The bickering rose again, less certain now. Plans, demands and old grudges twisted together until it sounded like wolves fighting over scraps. Through it all, Savage remained still.
King.
Mask.
Control.
But every so often his gaze cut to me, and the look was loaded, dangerous and private. It made my skin prickle. Again, the desire to grab him by his fur cloak and drag him into a corridor and demand the truth until my throat bled resurfaced.
Why did you pretend?
Why did you touch me like you couldn’t stop?
Why did you say I belonged to your king when you are the king?
But I couldn’t. Not here, not in front of the Conclave. And especially not with my claim still hanging by one missing Alpha. So instead, I clutched my hands together and gritted my teeth.
The healer finally appeared minutes later, an older Frostcrag female with steady hands and a satchel that smelled of bitter herbs.
Guiding me to a shielded corner of the hall, she tended to my wounds, painstakingly carefully as the Alphas continued to bicker and argue.
When every cut had been cleaned and bandaged, she knelt at my feet without ceremony and began to undo the wrap around my ankle.
Through it all, I could feel Savage’s watchful gaze, alternating between the healer’s patient hands and the blustering males.
Pain flared bright as lightning when the female touched my ankle. I clenched my jaw, refusing to make a sound.
The healer’s eyes narrowed. “You should not be standing on this.”
“I won’t be standing long,” I muttered.
“Take this for the pain.” She handed me a small ampule with a glistening amber liquid.
Savage’s gaze sharpened on me.
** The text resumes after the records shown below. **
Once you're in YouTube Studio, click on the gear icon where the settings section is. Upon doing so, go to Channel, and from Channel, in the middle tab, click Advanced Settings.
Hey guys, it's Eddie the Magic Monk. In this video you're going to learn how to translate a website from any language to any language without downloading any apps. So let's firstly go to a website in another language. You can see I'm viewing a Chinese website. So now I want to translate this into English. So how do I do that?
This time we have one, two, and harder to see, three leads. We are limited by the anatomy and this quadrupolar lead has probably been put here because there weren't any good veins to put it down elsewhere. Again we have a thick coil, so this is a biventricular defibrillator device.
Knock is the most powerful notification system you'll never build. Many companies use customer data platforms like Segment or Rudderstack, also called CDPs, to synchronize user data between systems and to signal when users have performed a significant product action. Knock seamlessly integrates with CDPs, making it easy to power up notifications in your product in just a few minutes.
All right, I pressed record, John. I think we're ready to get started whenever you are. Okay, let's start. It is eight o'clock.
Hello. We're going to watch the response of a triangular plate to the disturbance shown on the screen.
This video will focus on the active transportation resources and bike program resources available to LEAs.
Again that pull. Again that storm behind the calm. His head dipped, the faintest reassurance, and I swallowed the tonic without argument. Because despite the days of deceit, I trusted him. I trusted my guard.
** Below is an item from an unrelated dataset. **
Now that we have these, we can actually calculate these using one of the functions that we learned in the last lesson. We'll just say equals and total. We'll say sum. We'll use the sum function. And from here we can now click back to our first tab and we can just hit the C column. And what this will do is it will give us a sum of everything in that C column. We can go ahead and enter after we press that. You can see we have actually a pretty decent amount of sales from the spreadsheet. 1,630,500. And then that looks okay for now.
The healer began to work, fingers pressing and rewrapping, binding tight enough to hold and loose enough to allow for blood flow. I breathed through my teeth, hands curling into fists.
The hall waited for Thornwild for what felt like an eternity. I needed the last seal, the law. Minutes dragged like chains after the healer left, and I returned to the throne. My throne.
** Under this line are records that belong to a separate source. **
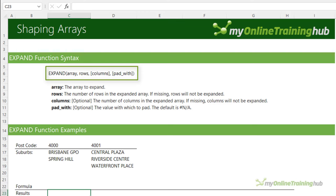So there you have nine of the new shaping array functions. Individually they're amazing, but team them up and you can create some super useful formulas. Let's take a look.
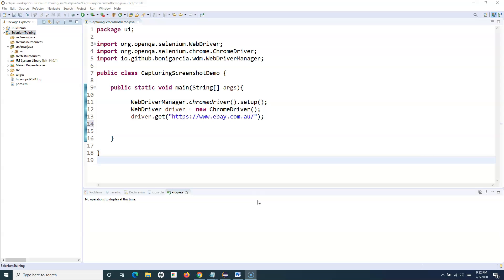There might be many scenarios wherein you want to verify certain things on the screenshot or on the interface. Then you need to capture those screenshots and look at them later, or in case of failure you want to take a screenshot to understand what happened or what was the cause of the failure. So capturing screenshots in automation and embedding them into your report is very important. We need to learn in Selenium WebDriver how you can go ahead and capture a screenshot.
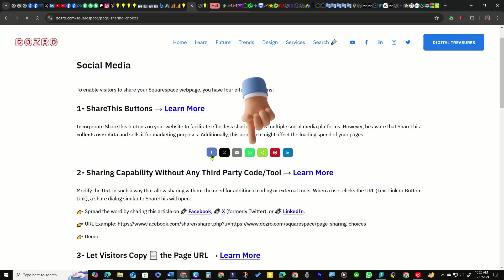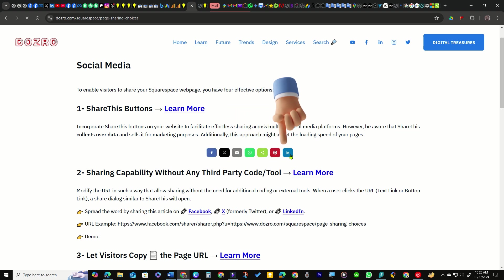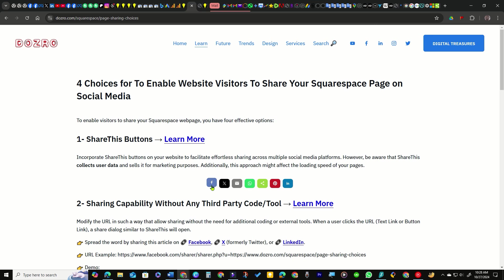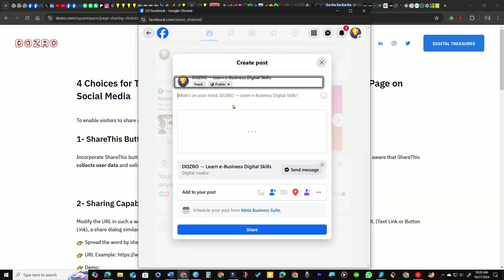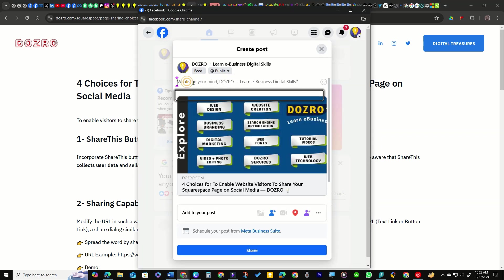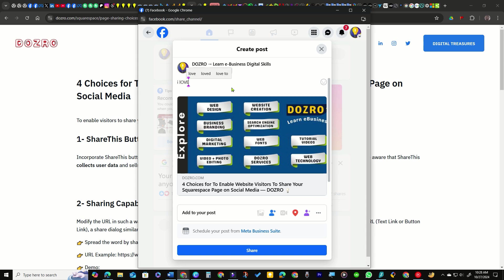You can see that social media share buttons are visible on your site. You can test one of the share button options to ensure the title and URL of your web page are correctly included in a new post on the selected social platform.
Then finally the doors boomed open, and every head snapped up.
A figure staggered in, framed by torchlight and snow-blown wind like something dragged out of a grave.
Trystan.
Alive.
Nausea clawed up my throat, and for one sick heartbeat, I couldn’t process it. My mind refused it. My body went cold.
No, he was dead. I saw him fall. It couldn’t be.
He was battered, cloak torn, one side of his face swollen purple and blood dried at his mouth. His eyes were too bright, too sharp, like pain had carved him into something even meaner.
The Conclave erupted into startled exclamations. A chair scraped as the nearest Alpha half rose, disbelief on his face. “Frost take me, Trystan, what happened to you?” Reina cried out.
Trystan’s gaze swept the room. And then it landed on Savage.
On the mask.
On the fur cloak.
On the king.
And something in Trystan’s expression shifted. It was cold and calculating, a knife-sharp look.
My pulse slammed into my throat. He knows.
He saw the black Wolvryn.
He saw the silver eyes and the Alpha’s mark.
He was going to say it.
He would tear the truth into the room and invalidate everything.
All my blood. All my pain. All my Edicts. Gone.
Trystan took one more staggering step forward, lips parting.
And I felt the moment spin toward ruin.